3. Support Sleep Routine Stabilization: Sleep compliance is only 46%. Create a “Leaf Sleep Guide”: bedtime reminders, screen-time reduction cues.
4. Design Weekend + Monday Motivation Campaigns: Steps peak on Saturday and Monday. Use these days to push challenges, streaks, and motivational prompts.
5. Highlight Low-Impact Wellness: Most users do NOT engage in moderate or intense exercise. Bellabeat should emphasize walking, light movement, and lifestyle activity.
Cons
Fitbit users may not represent Bellabeat’s core audience
The sample size is small and self-selected
The data is old (2016)
We can see correlation, not causation
The data suggests Bellabeat’s biggest opportunity is not intense workouts, but helping users reduce prolonged sitting, build light daily movement, and improve sleep consistency — especially with only 46% of days meeting sleep goals.

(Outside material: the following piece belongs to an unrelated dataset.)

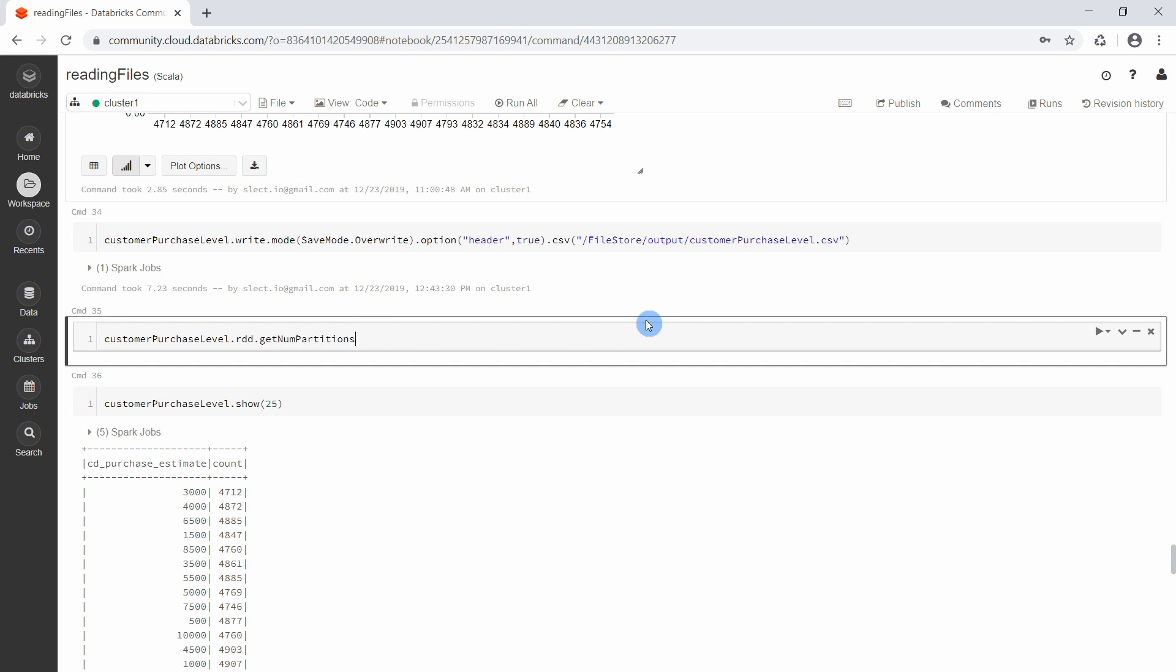This will return the number of partitions for a given data frame. And we know exactly that this data frame only has 20 rows. But let's check how many partitions are available for this data frame. 200.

However, these findings are based on limited and short-term data, and don’t capture factors like stress, work schedules, or long-term habit changes. To make stronger product decisions, Bellabeat should collect deeper, longer-term behavioral data and explore why users struggle with sleep and consistency — not just how often.
This creates a clear next step: use Leaf not just to track behavior, but to learn what truly drives it.